Little Sisters of the Poor at the Supreme Court in 2016. (Image via Becket Fund for Religious Liberty)

The Supreme Court on Wednesday voted 7–2 to allow employers with sincerely held moral or religious objections an exemption from an Obama-era mandate to provide contraception in their health-care plans.

The decision upholds President Trump’s 2017 executive order exempting the Little Sisters of the Poor, a Catholic order of nuns that runs homes for the elderly poor, and other religious groups, from “undue interference from the federal government.” New Jersey and Pennsylvania state governments had sued President Trump, saying the order was an executive overreach. 

Pennsylvania chief deputy attorney general Michael Fischer argued in May that the Trump administration’s order and a 2018 Department of Health and Human Services exemption were “too broad” — and would result in women losing coverage of services that the 2010 Affordable Care Act and a subsequent rule had deemed essential. 

But Justice Clarence Thomas, in the opinion of the Court, wrote that the Trump administration “had the authority to provide exemptions from the regulatory contraceptive requirements for employers with religious and conscientious objections.”

“The only question we face today is what the plain language of the statute authorizes,” Thomas wrote. “And the plain language of the statute clearly allows the Departments to create the preventive care standards as well as the religious and moral exemptions.”

The ruling comes nearly ten years into a legal battle over whether the Little Sisters of the Poor were required to include contraceptives in its health-care plans, though in a concurrence Justice Samuel Alito said that the court’s decision was not likely to be the end of the matter. 

“We now send these cases back to the lower courts, where the Commonwealth of Pennsylvania and the State of New Jersey are all but certain to pursue their argument that the current rule is flawed on yet another ground,” he wrote. “This will prolong the legal battle in which the Little Sisters have now been engaged for seven years — even though during all this time no employee of the Little Sisters has come forward with an objection to the Little Sisters’ conduct.”

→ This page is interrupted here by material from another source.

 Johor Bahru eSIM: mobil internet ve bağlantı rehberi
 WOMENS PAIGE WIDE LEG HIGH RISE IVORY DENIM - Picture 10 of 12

In May 2016, the Court had unanimously overturned lower court rulings against the Little Sisters, ordering the government not to fine the Little Sisters and instructing the lower courts to give the government an opportunity to find a way to offer services to women without involving the Little Sisters. 

Chief Justice John Roberts acknowledged that the case has been long-running and contentious, saying that with such compelling arguments for women’s health care, as well as for the religious freedom of the order, it seemed that “no one wants this to work.”

During arguments in early May, the Little Sisters’ attorney, former solicitor general Paul Clement, said that even if the case were decided against them, the religious order would not offer contraception in healthcare plans, adding that “there is nothing they can do to allow them to come into compliance with the mandate.”